(ABOUT THIS EXERCISE):
Beginning with the line below that contains "Today I'm going" and ending with the line that contains "I'm going to show", retype every line exactly. Pictures are not copied.

(MATERIAL SHOWN):
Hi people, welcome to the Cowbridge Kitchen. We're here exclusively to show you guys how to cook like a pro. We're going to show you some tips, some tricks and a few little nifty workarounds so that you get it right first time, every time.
==
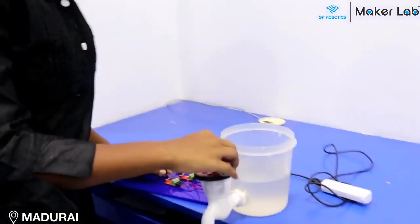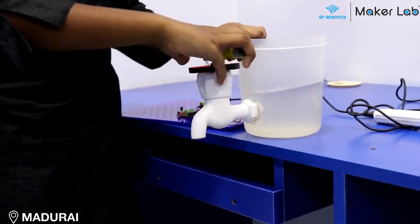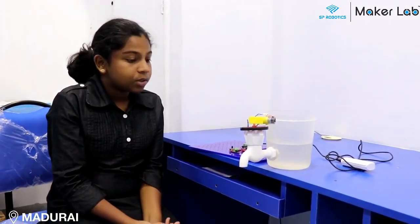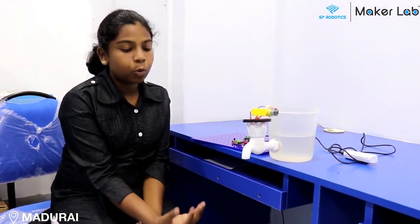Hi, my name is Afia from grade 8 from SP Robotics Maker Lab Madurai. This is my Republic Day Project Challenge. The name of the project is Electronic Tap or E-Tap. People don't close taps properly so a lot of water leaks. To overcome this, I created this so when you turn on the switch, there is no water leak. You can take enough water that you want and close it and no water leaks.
--
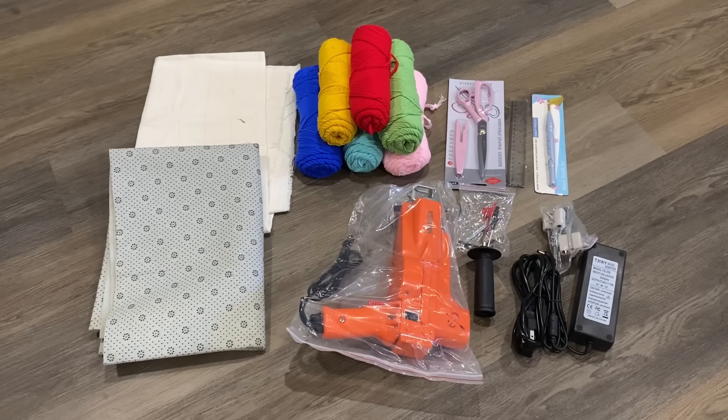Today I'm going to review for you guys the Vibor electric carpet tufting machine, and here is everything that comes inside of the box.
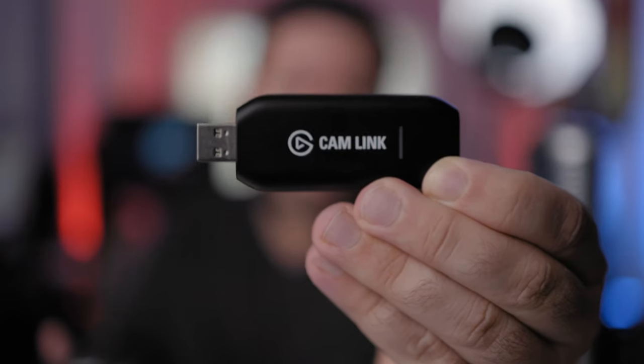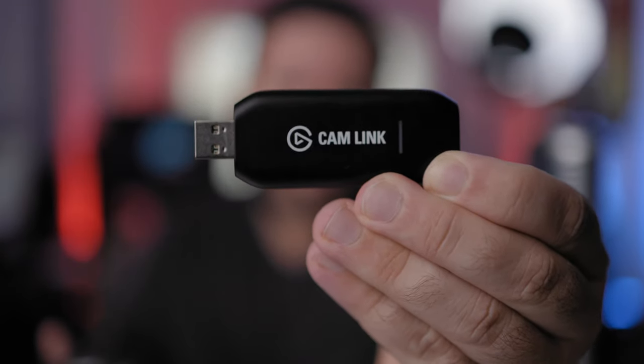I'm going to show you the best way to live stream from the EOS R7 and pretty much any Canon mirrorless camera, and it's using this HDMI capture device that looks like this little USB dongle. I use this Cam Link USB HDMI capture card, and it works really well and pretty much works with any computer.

(COMPLETED EXERCISE):
Today I'm going to review for you guys the Vibor electric carpet tufting machine, and here is everything that comes inside of the box.
I'm going to show you the best way to live stream from the EOS R7 and pretty much any Canon mirrorless camera, and it's using this HDMI capture device that looks like this little USB dongle. I use this Cam Link USB HDMI capture card, and it works really well and pretty much works with any computer.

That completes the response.